About this task: Once the line with "Snapshot of sarahphelps" is found in the data, output it and each following line exactly, up to and including the line with "6552 N Malaya St, Aurora, CO 80019", and nothing before or after.

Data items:
--*--
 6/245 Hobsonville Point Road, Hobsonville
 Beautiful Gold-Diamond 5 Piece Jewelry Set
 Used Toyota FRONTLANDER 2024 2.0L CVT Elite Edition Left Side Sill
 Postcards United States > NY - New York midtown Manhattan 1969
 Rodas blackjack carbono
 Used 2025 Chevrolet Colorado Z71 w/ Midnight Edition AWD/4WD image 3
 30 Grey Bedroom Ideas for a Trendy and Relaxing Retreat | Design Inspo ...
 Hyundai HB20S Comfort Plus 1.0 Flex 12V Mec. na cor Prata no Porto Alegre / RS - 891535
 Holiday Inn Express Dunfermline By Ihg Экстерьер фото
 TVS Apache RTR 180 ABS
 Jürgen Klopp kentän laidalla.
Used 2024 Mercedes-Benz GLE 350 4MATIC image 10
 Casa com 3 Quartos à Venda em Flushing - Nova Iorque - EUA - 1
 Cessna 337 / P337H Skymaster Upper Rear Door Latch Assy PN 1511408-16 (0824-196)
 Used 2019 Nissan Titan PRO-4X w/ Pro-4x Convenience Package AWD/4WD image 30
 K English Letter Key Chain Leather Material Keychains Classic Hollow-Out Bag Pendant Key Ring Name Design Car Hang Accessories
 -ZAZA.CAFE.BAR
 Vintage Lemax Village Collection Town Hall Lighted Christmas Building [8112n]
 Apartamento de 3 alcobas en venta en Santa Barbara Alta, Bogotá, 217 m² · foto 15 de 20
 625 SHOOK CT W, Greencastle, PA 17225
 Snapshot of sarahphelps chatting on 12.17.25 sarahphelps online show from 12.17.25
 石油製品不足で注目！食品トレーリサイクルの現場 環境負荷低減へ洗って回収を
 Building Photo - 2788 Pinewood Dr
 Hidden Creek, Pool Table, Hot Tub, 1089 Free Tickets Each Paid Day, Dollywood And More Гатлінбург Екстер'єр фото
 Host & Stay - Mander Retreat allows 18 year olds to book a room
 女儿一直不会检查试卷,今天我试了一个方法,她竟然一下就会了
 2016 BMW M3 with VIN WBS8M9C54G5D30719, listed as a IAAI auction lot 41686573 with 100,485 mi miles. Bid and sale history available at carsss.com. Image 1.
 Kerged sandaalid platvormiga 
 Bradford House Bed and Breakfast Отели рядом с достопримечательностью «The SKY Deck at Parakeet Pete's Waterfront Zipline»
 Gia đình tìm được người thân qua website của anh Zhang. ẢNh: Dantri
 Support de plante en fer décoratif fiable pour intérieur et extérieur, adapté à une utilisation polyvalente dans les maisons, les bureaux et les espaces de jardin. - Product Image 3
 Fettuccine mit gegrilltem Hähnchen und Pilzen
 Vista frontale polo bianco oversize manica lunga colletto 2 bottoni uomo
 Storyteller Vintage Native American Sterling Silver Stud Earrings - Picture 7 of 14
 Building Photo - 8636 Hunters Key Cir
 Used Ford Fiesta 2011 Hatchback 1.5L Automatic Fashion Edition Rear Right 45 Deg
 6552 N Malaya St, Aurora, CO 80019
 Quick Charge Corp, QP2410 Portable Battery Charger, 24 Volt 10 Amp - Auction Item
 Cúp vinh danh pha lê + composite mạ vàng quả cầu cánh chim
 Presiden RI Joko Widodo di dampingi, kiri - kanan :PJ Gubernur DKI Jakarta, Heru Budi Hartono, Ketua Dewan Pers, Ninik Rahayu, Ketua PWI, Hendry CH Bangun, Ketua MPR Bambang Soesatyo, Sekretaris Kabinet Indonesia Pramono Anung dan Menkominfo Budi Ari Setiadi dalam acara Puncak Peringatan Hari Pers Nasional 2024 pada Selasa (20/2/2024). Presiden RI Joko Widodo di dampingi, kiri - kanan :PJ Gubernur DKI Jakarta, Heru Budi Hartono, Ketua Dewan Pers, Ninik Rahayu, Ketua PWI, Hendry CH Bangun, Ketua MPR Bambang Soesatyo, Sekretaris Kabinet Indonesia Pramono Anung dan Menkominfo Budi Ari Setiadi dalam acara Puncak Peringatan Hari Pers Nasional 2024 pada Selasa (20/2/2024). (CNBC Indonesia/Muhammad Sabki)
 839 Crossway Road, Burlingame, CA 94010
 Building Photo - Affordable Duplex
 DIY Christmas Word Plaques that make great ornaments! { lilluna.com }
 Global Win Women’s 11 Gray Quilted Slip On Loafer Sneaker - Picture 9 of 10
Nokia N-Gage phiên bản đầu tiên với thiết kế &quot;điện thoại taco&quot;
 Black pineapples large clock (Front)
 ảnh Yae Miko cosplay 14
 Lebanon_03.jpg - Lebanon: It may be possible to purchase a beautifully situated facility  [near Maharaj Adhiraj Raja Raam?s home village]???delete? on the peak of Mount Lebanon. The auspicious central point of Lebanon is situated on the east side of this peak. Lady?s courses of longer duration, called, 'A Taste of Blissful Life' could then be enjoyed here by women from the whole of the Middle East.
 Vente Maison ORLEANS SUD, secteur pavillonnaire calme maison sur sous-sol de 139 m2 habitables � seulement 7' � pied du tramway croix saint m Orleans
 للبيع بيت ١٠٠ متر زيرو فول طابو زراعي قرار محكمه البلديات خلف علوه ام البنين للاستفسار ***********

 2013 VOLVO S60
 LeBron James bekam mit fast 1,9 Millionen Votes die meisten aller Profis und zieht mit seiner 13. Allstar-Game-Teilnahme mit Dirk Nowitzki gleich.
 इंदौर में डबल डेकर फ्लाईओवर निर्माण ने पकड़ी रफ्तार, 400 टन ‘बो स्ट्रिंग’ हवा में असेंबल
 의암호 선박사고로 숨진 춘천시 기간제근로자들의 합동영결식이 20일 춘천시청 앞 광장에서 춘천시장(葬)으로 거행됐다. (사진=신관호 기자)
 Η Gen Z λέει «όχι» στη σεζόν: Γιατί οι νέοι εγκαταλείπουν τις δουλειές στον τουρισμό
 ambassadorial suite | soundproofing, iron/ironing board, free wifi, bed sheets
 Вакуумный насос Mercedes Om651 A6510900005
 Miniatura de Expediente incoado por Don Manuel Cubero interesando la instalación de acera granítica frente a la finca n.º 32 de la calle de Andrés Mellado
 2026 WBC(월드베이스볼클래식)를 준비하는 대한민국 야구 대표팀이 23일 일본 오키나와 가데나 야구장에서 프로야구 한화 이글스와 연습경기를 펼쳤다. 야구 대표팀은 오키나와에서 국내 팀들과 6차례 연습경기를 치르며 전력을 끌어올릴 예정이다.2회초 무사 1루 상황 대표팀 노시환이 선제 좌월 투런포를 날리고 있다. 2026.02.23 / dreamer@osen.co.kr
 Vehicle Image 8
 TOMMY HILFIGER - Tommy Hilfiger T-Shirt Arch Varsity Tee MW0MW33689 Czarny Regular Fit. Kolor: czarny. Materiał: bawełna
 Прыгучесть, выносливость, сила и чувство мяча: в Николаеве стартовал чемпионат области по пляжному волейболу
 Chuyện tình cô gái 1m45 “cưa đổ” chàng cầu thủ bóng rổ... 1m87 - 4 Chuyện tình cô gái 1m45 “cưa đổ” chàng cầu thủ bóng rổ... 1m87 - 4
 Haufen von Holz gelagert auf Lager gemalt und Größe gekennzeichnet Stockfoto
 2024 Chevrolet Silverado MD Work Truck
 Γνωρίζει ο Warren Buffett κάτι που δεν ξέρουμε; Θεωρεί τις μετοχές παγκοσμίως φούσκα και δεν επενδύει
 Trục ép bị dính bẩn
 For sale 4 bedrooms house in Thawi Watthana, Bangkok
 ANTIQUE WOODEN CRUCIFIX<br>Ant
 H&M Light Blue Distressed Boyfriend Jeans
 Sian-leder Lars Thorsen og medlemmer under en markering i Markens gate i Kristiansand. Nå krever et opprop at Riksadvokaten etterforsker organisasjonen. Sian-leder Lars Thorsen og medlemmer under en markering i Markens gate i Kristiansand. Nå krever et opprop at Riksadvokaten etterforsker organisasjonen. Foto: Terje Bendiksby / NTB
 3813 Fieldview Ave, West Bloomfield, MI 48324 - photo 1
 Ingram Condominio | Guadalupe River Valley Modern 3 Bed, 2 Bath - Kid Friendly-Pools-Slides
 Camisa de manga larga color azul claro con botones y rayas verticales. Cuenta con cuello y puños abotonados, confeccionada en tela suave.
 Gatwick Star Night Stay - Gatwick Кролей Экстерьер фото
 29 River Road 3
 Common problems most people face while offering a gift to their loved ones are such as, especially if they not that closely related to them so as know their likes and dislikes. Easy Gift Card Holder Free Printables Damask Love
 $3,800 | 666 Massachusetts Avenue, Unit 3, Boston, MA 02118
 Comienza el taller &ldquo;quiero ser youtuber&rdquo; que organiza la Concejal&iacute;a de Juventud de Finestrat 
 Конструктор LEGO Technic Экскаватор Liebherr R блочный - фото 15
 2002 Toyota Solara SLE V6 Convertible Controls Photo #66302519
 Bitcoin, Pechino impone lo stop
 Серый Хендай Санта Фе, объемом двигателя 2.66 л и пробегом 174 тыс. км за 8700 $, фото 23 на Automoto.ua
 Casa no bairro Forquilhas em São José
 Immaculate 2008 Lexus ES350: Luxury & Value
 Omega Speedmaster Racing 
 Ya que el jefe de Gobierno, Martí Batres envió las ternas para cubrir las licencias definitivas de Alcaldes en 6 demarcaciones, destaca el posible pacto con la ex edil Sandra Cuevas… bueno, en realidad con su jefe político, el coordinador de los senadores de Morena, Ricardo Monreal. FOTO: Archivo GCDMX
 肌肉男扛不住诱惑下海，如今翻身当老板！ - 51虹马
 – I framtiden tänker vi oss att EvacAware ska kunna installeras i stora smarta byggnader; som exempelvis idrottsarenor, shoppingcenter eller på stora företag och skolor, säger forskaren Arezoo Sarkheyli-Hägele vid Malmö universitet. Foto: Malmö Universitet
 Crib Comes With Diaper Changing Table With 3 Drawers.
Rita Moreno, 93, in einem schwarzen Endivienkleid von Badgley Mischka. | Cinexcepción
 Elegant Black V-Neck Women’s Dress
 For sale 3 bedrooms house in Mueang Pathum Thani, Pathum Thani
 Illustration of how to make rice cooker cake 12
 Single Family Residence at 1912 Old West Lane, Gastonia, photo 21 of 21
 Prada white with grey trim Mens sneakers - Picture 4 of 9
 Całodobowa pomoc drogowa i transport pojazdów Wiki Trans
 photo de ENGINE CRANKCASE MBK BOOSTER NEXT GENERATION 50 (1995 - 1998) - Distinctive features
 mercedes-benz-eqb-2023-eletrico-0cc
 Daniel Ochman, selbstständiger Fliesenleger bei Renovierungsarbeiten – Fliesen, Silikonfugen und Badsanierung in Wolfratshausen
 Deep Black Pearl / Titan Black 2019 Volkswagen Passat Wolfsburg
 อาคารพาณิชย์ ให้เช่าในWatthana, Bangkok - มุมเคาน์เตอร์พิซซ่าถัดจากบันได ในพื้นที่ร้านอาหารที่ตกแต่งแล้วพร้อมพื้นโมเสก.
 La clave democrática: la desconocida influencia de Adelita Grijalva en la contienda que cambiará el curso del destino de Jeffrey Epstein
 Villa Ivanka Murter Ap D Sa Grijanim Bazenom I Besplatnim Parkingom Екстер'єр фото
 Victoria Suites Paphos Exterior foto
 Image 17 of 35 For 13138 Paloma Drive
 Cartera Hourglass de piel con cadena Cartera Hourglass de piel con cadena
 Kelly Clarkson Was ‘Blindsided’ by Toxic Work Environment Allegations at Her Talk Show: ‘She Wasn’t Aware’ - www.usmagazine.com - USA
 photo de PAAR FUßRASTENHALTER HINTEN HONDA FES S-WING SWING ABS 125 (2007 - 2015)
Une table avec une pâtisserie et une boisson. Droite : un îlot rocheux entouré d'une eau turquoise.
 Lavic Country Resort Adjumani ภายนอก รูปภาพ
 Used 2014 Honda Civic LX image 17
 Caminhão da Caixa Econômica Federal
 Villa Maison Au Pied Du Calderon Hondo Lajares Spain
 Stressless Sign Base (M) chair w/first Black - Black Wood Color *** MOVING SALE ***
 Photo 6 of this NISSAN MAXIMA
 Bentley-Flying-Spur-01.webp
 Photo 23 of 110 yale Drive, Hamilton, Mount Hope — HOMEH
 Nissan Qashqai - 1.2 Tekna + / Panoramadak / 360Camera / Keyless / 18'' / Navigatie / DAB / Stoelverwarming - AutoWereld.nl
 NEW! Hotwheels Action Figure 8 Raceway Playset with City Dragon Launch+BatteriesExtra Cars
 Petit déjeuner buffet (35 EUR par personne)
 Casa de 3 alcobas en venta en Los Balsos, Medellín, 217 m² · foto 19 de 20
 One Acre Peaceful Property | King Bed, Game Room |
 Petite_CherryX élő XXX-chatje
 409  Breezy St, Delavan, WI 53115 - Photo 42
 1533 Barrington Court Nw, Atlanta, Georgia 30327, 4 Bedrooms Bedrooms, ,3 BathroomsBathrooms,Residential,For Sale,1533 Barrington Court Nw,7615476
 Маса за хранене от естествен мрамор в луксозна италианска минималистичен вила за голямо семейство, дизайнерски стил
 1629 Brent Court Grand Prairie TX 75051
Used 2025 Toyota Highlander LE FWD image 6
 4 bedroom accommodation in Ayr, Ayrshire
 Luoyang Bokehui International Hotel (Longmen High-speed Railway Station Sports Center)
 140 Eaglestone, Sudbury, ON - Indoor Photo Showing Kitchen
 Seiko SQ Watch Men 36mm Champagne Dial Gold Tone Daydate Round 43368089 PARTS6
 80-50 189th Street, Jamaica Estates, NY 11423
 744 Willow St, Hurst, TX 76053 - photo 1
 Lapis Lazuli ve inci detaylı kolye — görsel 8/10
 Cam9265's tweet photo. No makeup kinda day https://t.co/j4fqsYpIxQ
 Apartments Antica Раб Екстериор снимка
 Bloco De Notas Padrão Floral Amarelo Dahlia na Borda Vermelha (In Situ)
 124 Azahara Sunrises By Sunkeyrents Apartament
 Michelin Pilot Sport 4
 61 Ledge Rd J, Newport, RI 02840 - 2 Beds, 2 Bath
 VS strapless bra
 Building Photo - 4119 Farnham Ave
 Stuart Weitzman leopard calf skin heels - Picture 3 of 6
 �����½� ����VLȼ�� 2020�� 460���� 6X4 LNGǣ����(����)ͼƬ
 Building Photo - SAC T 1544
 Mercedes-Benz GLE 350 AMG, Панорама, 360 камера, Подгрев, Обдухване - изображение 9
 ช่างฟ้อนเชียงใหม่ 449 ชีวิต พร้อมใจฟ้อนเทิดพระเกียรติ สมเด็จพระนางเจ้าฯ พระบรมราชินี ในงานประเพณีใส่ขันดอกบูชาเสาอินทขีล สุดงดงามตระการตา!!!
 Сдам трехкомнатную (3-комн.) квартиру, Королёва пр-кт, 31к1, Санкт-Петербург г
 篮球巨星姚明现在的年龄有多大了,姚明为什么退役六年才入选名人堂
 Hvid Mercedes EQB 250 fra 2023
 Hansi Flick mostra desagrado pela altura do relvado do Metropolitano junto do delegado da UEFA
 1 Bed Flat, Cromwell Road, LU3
--*--
Finished exercise:
 Snapshot of sarahphelps chatting on 12.17.25 sarahphelps online show from 12.17.25
 石油製品不足で注目！食品トレーリサイクルの現場 環境負荷低減へ洗って回収を
 Building Photo - 2788 Pinewood Dr
 Hidden Creek, Pool Table, Hot Tub, 1089 Free Tickets Each Paid Day, Dollywood And More Гатлінбург Екстер'єр фото
 Host & Stay - Mander Retreat allows 18 year olds to book a room
 女儿一直不会检查试卷,今天我试了一个方法,她竟然一下就会了
 2016 BMW M3 with VIN WBS8M9C54G5D30719, listed as a IAAI auction lot 41686573 with 100,485 mi miles. Bid and sale history available at carsss.com. Image 1.
 Kerged sandaalid platvormiga 
 Bradford House Bed and Breakfast Отели рядом с достопримечательностью «The SKY Deck at Parakeet Pete's Waterfront Zipline»
 Gia đình tìm được người thân qua website của anh Zhang. ẢNh: Dantri
 Support de plante en fer décoratif fiable pour intérieur et extérieur, adapté à une utilisation polyvalente dans les maisons, les bureaux et les espaces de jardin. - Product Image 3
 Fettuccine mit gegrilltem Hähnchen und Pilzen
 Vista frontale polo bianco oversize manica lunga colletto 2 bottoni uomo
 Storyteller Vintage Native American Sterling Silver Stud Earrings - Picture 7 of 14
 Building Photo - 8636 Hunters Key Cir
 Used Ford Fiesta 2011 Hatchback 1.5L Automatic Fashion Edition Rear Right 45 Deg
 6552 N Malaya St, Aurora, CO 80019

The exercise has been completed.